* About this exercise
Pictures stay out of the copy. Retype exactly the lines below from the one with "Theory of operation." through the one with "Aloha kakou! I'm".
== Excerpted data ==
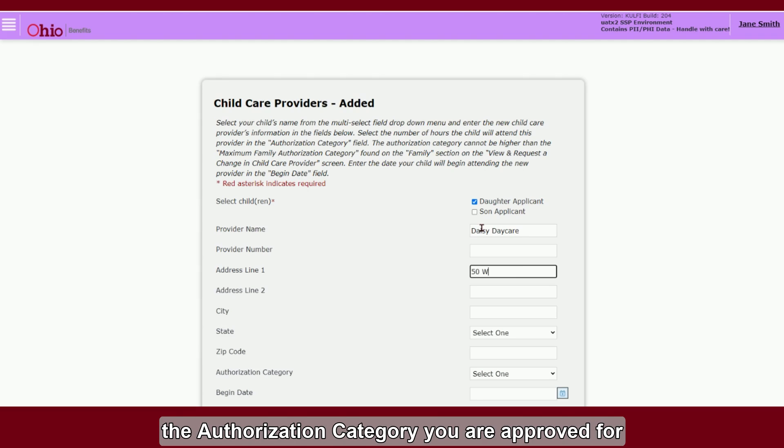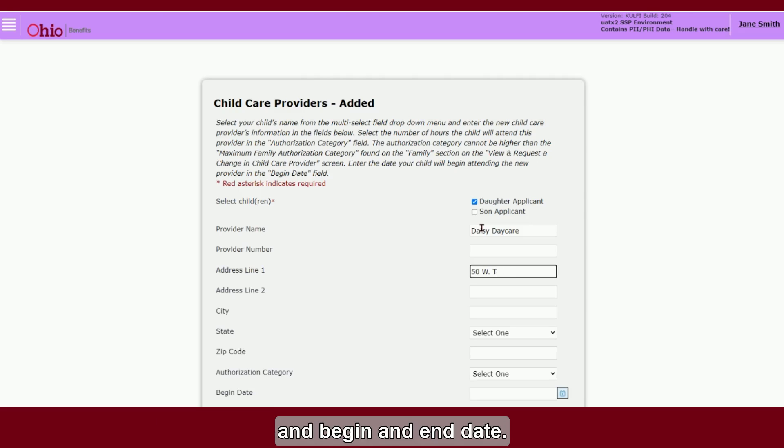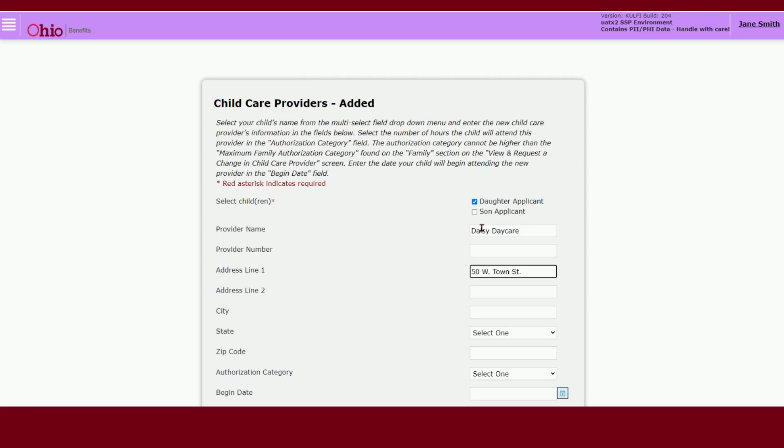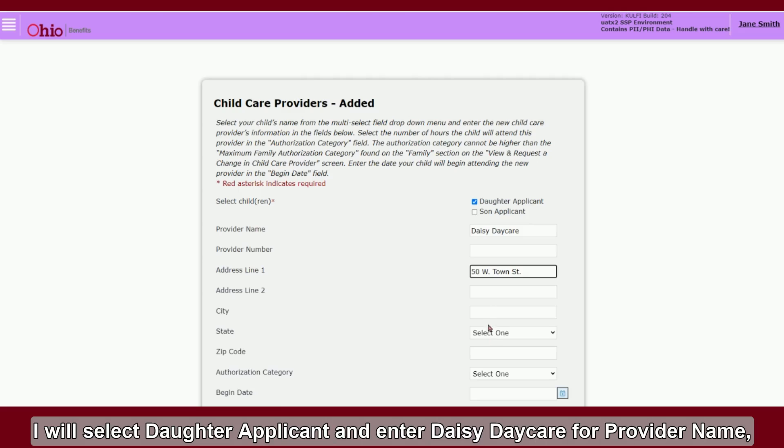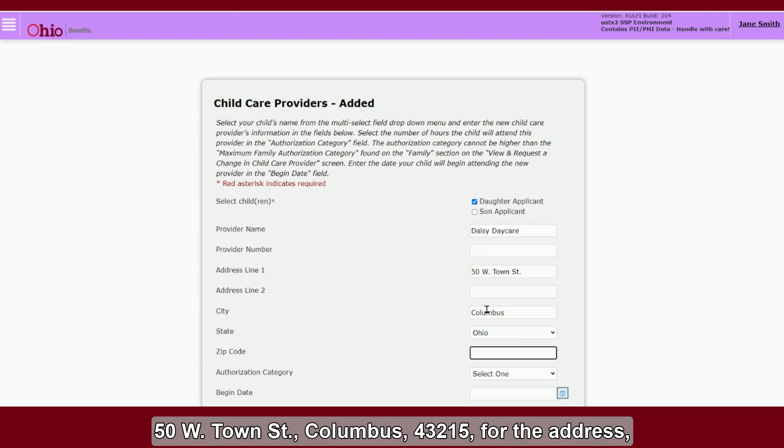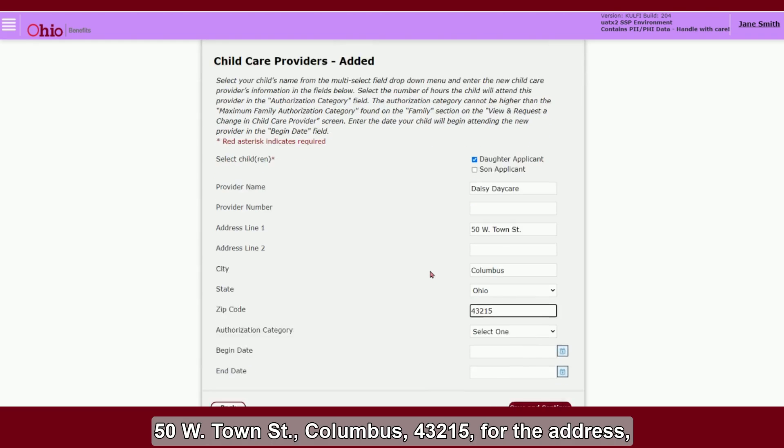For this demonstration, I will select Daughter Applicant and enter Daisy Daycare for provider name. 50 West Town Street, Columbus, 43215 for the address.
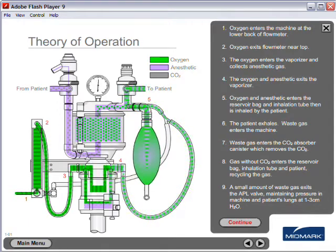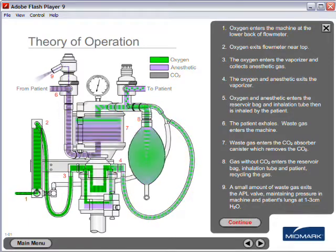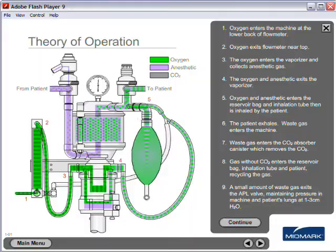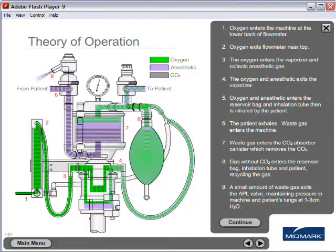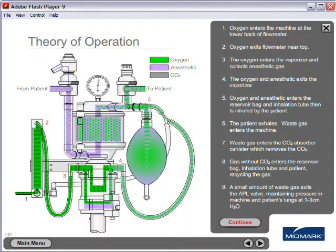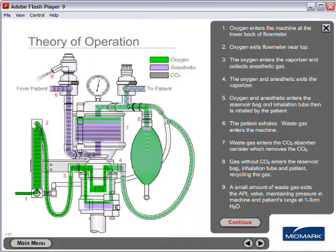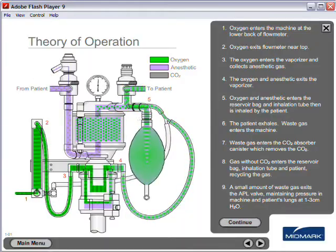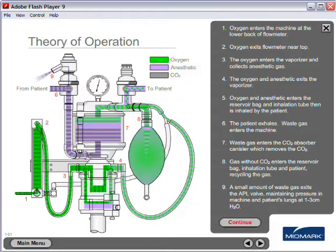Theory of operation. Oxygen enters the machine at the lower back of the flow meter, then exits the flow meter near the top.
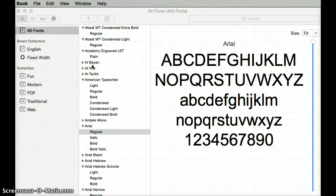Aloha kakou! I'm going to show you how to use the Font Book program on Macs to find fonts that will work with the Hawaiian keyboard.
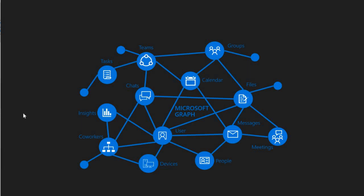So guys, Microsoft Graph is a RESTful web API that enables you to access Microsoft cloud service resources. And the benefit out of it we are getting is that it is a unified API endpoint for accessing data across Microsoft 365 which includes Office 365, Mobility, Security and Windows services. There are many of the products which belong to M365. And all these resources you can access through a single endpoint.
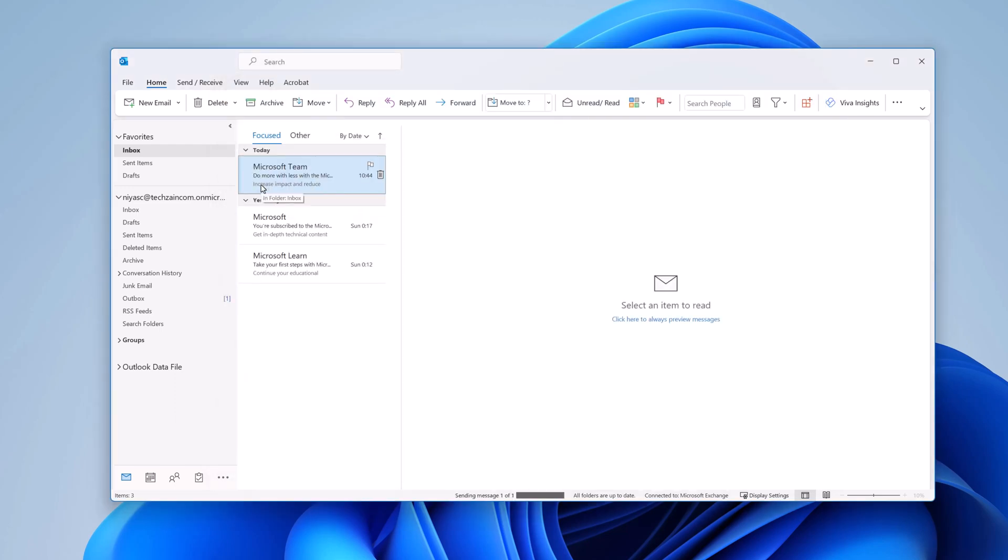After sending the email, you regret what you have written, or you might have sent to the wrong person. Now you want to recall or change the email.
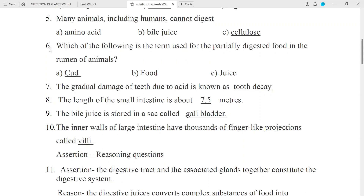Question No. 6: Which of the following is the term used for the partially digested food in the ruminant animals? Answer: Cud.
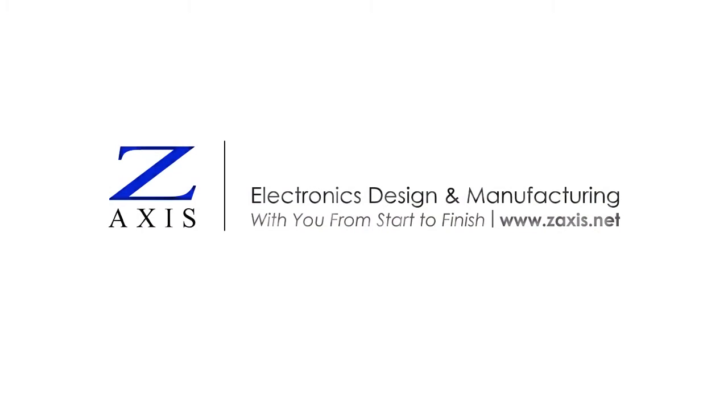Contact Z-Axis to learn more about prototyping services for your electronics design or contract manufacturing project.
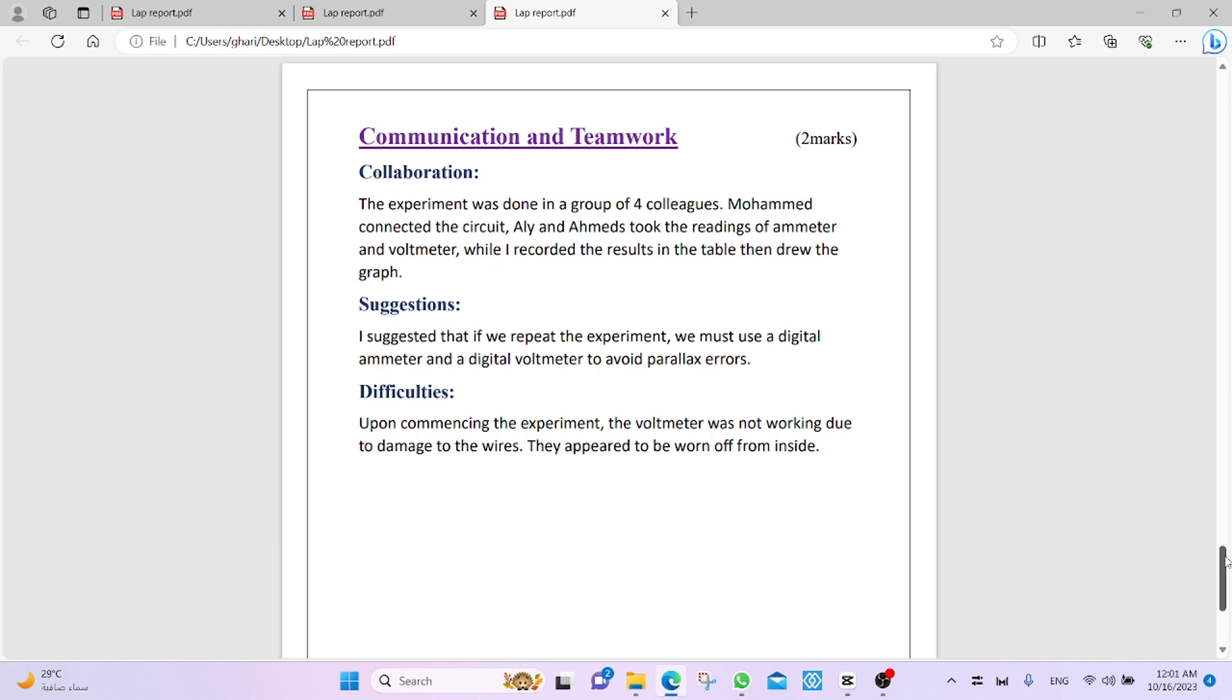Difficulties. Of course, we faced this difficulty. Upon commencing the experiment, the voltmeter was not working. Why? Due to the damage of the wires. Because I connected the voltmeter many times, but it was not working. Why? Because they appeared to be worn off from inside. The wires were cut inside.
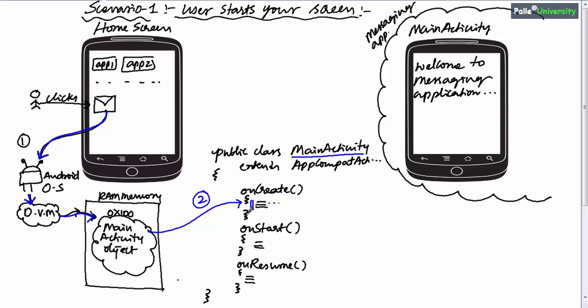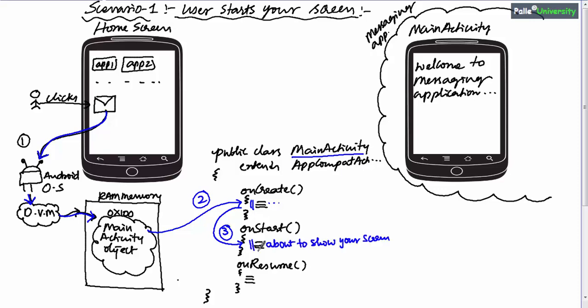After executing all lines in onCreate, control goes to the onStart method — if the programmer has written it. If onStart is present, control enters it; otherwise, it searches for the next lifecycle method. After executing the onCreate logic, control automatically enters onStart before displaying the screen to the user. When control enters onStart, Android is indicating that it is about to show your screen to the user. Once onStart is completely executed, Android immediately displays your screen to the user on the mobile phone.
===
* Written answer
Theory of operation. Oxygen enters the machine at the lower back of the flow meter, then exits the flow meter near the top.
Aloha kakou! I'm going to show you how to use the Font Book program on Macs to find fonts that will work with the Hawaiian keyboard.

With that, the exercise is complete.